> _Exercise requirements_:
With the pictures excluded, retype the records that follow exactly.

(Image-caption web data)
• • • • •

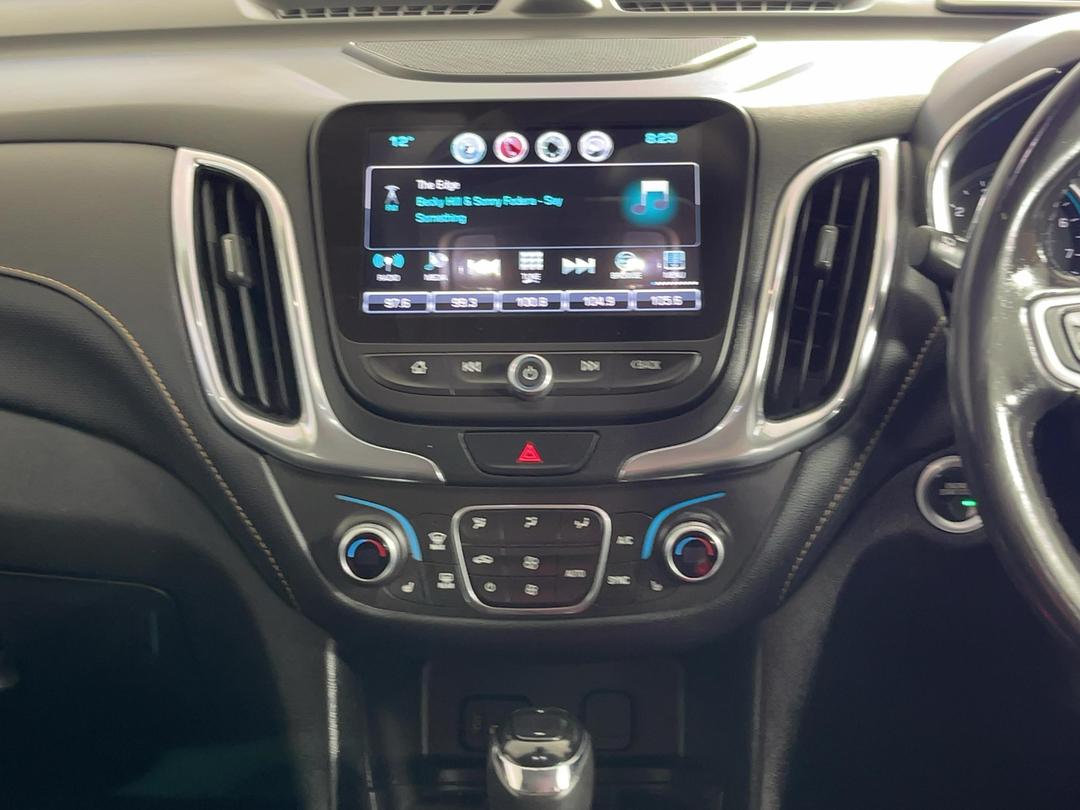 Photo '18' of Holden Equinox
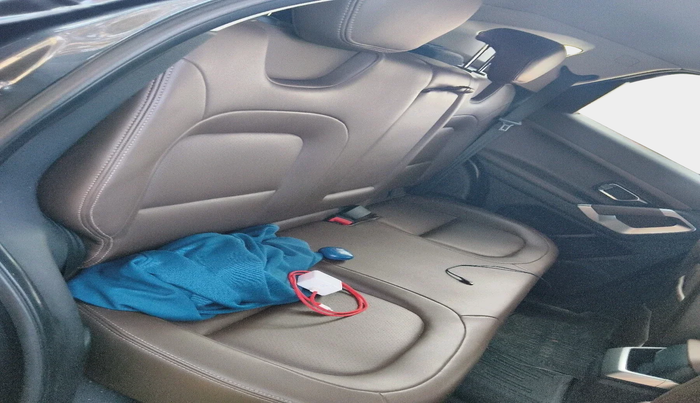 2019 Tata Harrier XZ 2.0L, Diesel, Manual, 1,61,588 km, interior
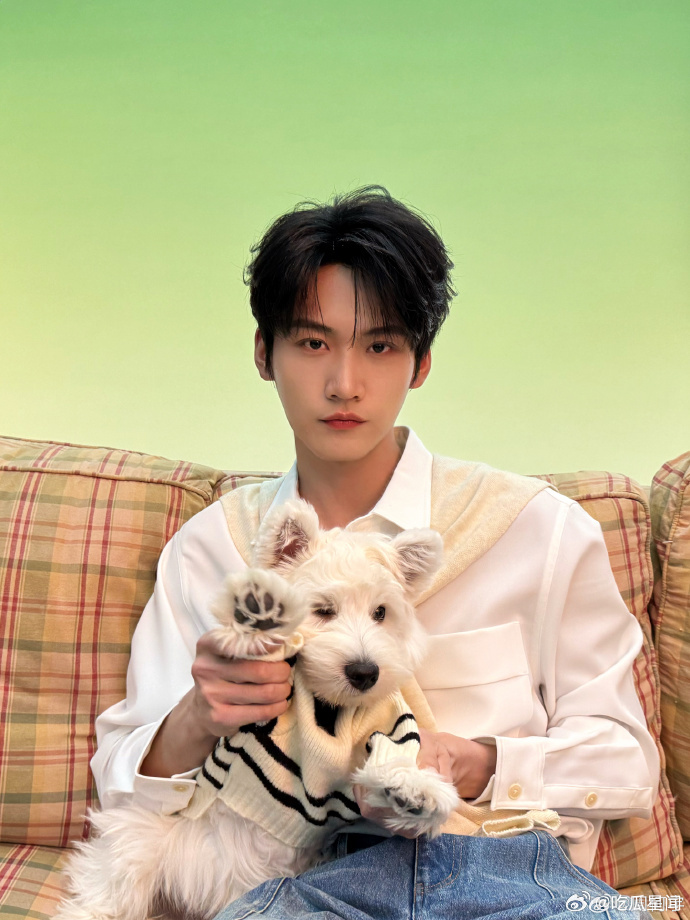 周柯宇迟了也到、周柯宇告别三月plog周柯宇发文迟了也到，周柯宇告别三月plog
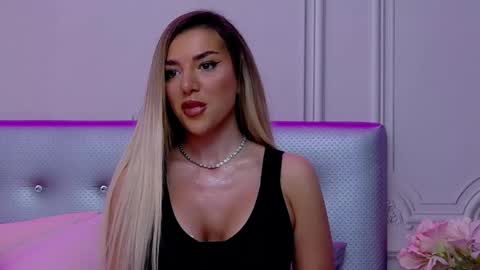 ClaraHazel online show from 03-05-25, 02:25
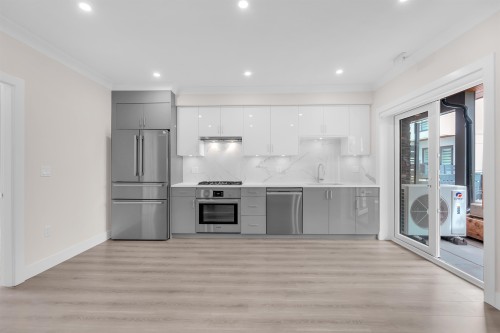 8327 French Street, Vancouver, BC 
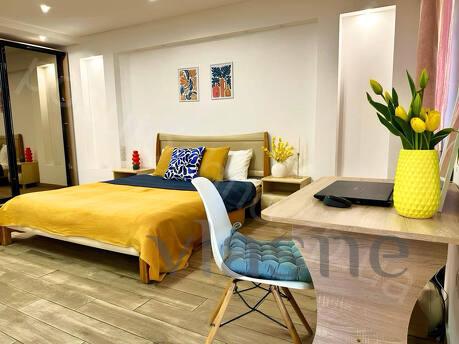 Stylish luxury studio on Patrioticheskaya street - next to t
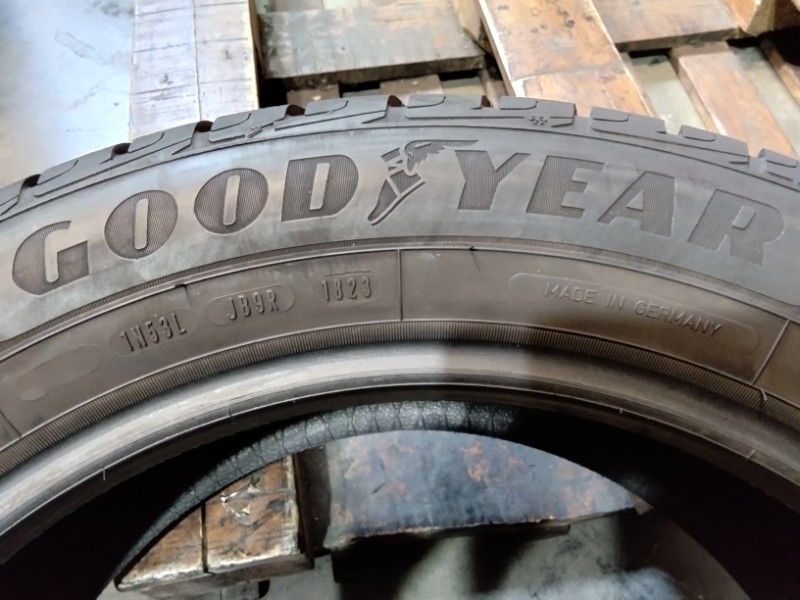 4 Gomme usate 235 55 18 Pneumatici Invernali GOODYEAR 4 Gomme usate 235 55 18 Pneumatici Invernali GOODYEAR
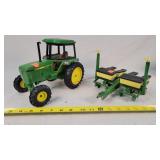 1/16 John Deere Tractor & Planter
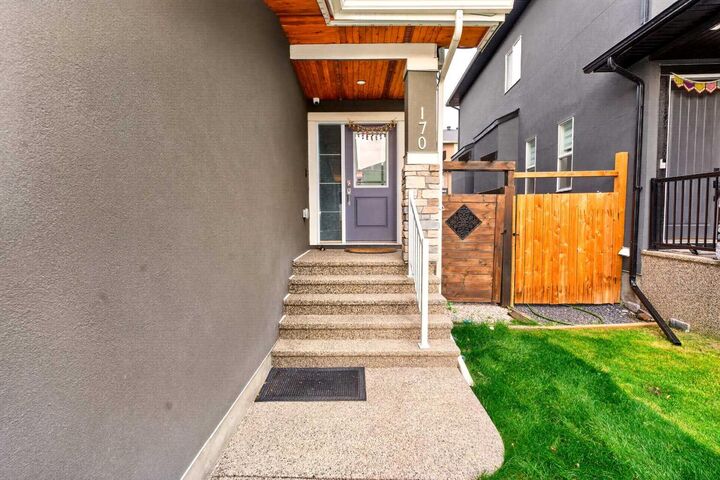 Property Photo:  170 Kinniburgh Crescent  AB T1X 1Y1 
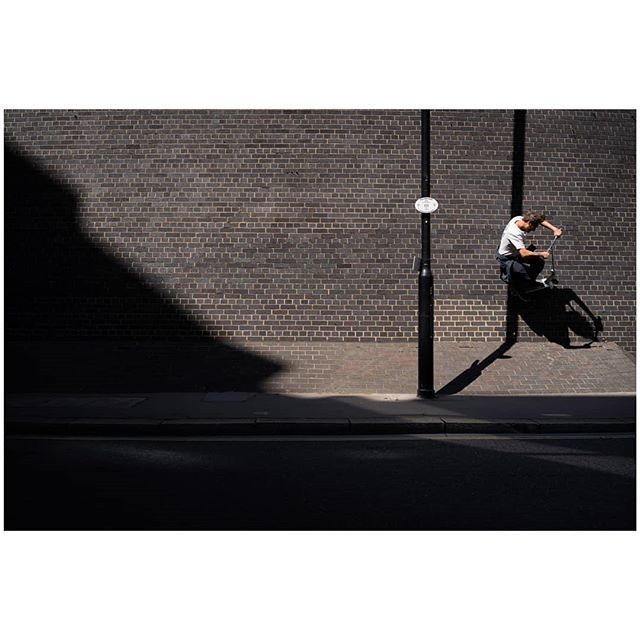 Scooter tricks #streetphotography #streetdreamsmag #lensculture #london #museumoflondon #scooter #stunts #facebrick #lightandshadow #protectyourhighlights #embraceyourshadows #sonya7iii #zeiss55mm18 #lightroommobile #instagram ift.tt/2XeYgJW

• • • • •

> _Response_:
 Photo '18' of Holden Equinox
 2019 Tata Harrier XZ 2.0L, Diesel, Manual, 1,61,588 km, interior
 周柯宇迟了也到、周柯宇告别三月plog周柯宇发文迟了也到，周柯宇告别三月plog
 ClaraHazel online show from 03-05-25, 02:25
 8327 French Street, Vancouver, BC 
 Stylish luxury studio on Patrioticheskaya street - next to t
 4 Gomme usate 235 55 18 Pneumatici Invernali GOODYEAR 4 Gomme usate 235 55 18 Pneumatici Invernali GOODYEAR
 1/16 John Deere Tractor & Planter
 Property Photo:  170 Kinniburgh Crescent  AB T1X 1Y1 
 Scooter tricks #streetphotography #streetdreamsmag #lensculture #london #museumoflondon #scooter #stunts #facebrick #lightandshadow #protectyourhighlights #embraceyourshadows #sonya7iii #zeiss55mm18 #lightroommobile #instagram ift.tt/2XeYgJW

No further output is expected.